American baseball player (1969–2024)

David Andrew McCarty (November 23, 1969 – April 19, 2024) was an American first baseman and outfielder in Major League Baseball. From 1993 through 2005, McCarty played with the Minnesota Twins (1993–1995), San Francisco Giants (1995–1996), Seattle Mariners (1998), Kansas City Royals (2000–2002), Tampa Bay Devil Rays (2002), Oakland Athletics (2003) and Boston Red Sox (2003–2005). He batted right-handed and threw left-handed.

==High School and College==
Born in Houston, McCarty graduated from Sharpstown High School in the city in 1988.

He attended Stanford University to play college baseball for the Stanford Cardinals where he enjoyed a legendary career. In 1989, he played collegiate summer baseball with the Cotuit Kettleers of the Cape Cod Baseball League.

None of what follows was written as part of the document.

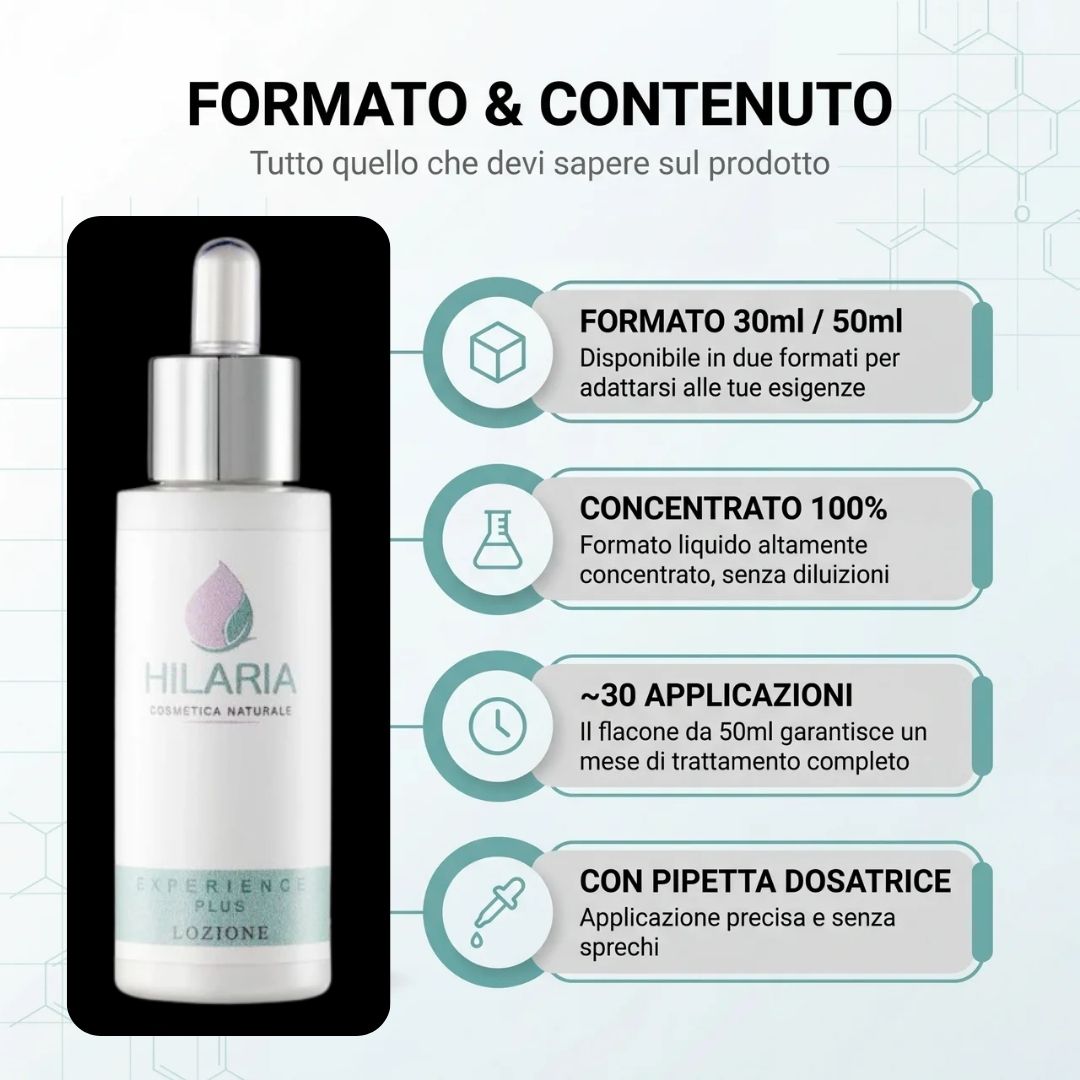 Lozione Anticaduta Capelli Uomo con Cellule Staminali Vegetali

During his sophomore season at Stanford in 1990, he hit .336 with 12 home runs and 69 RBIs to help lead the Cardinals to the 1990 College World Series. He would go on that year to play for Team USA in the Goodwill Games where he lead the team with a .445 batting average.

The following year, he was named the 1991 Baseball America College Player of the Year Award Winner after posting a .420 batting average with 19 doubles, 24 home runs, and 66 RBIs in 238 at bats.

==Professional Career==

The Minnesota Twins of Major League Baseball (MLB) selected McCarty in the first round, with the third overall selection, of the 1991 MLB draft. He made his MLB debut on May 17, 1993. In 1995, the Twins traded McCarty to the Cincinnati Reds for John Courtright.

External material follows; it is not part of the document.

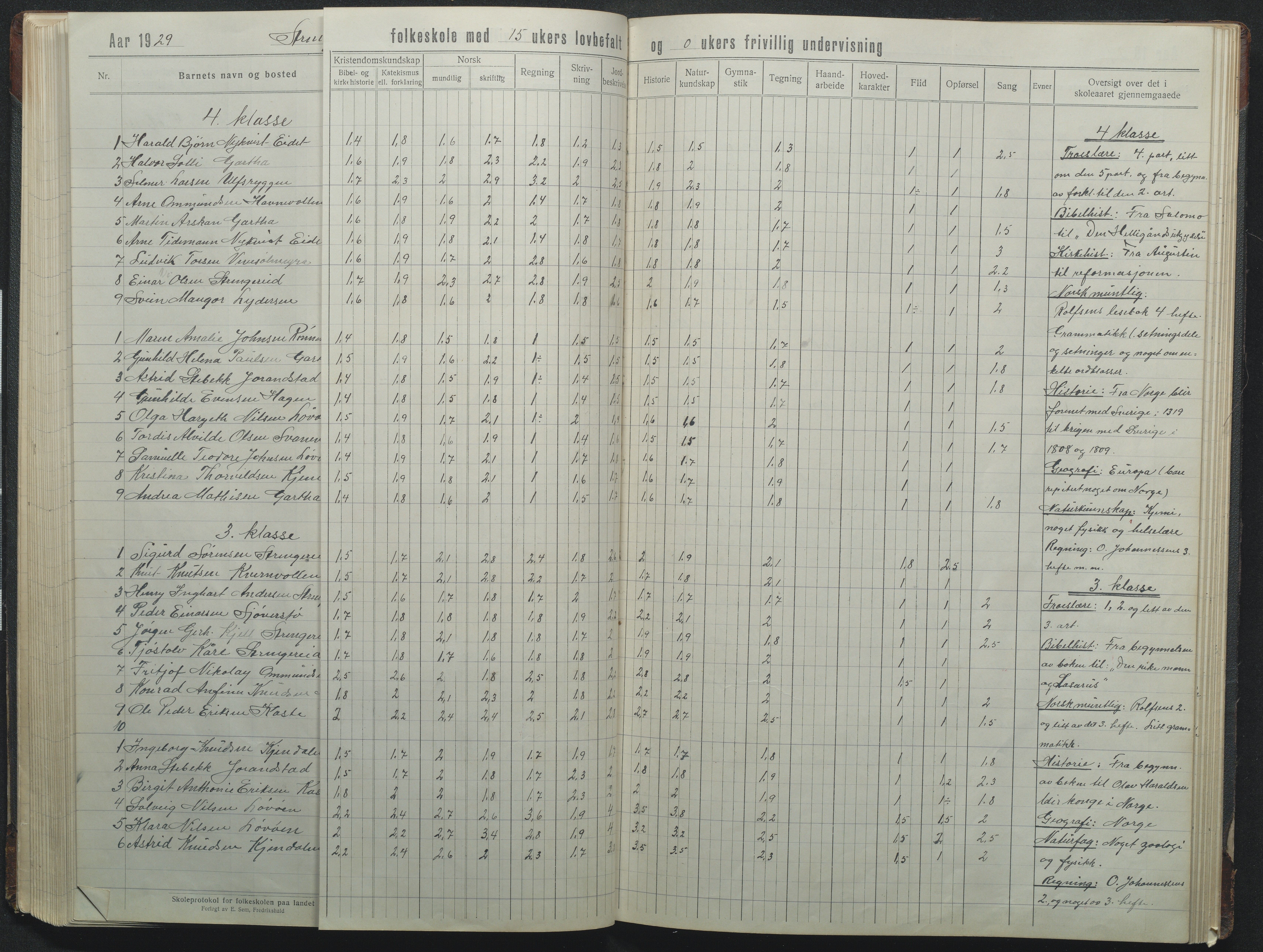 Flosta kommune, Strengereid Krets, AAKS/KA0916-550h/F01/L0004: Skoleprotokoll Strengereid skole, 1918-1944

On July 21, 1995, the Reds traded McCarty, Deion Sanders, Ricky Pickett, John Roper, and Scott Service to the San Francisco Giants for Dave Burba, Darren Lewis, and Mark Portugal. Before the 1998 season, the Seattle Mariners acquired McCarty from the Giants for Jalal Leach and Scott Smith. On August 4, 2003, McCarty was claimed off waivers by the Boston Red Sox from the Oakland Athletics.

===2004 highlights===
On May 11, 2004, in the bottom of the eighth inning, original pinch-hitter Brian Daubach was called back to the bench after the Indians made a pitching change and decided to go to lefty Scott Stewart. McCarty, due to hitting well against lefties, was sent up to hit by manager Terry Francona. On an 0-1 pitch, McCarty lined a two-run triple to right field that gave the Red Sox a 5-3 lead. They went on to win by that score.

On May 30, 2004, McCarty, who had entered the game in the eighth inning, hit a walk-off two-run home run against Mariners pitcher J. J. Putz in the bottom of the twelfth inning to give the Red Sox a 9-7 victory.

McCarty also made three pitching appearances in 2004. The first one was in the home opener on April 9 vs the Blue Jays, the second one was on June 12 vs the Dodgers, in which he struck out Jayson Werth and the final one was in the final game of the regular season against the Orioles, in which he struck out Rafael Palmeiro, Larry Bigbie and David Newhan.

==Release and retirement==
The Red Sox released McCarty in May 2005 after the team signed first baseman John Olerud. He retired and was a Red Sox analyst on NESN from July 1, 2005, until the end of the 2008 season.

==Personal life and death==
McCarty lived in Piedmont, California, with his wife, novelist Monica McCarty, and their two children. He died following a cardiac event in Oakland, California, on April 19, 2024, at the age of 54.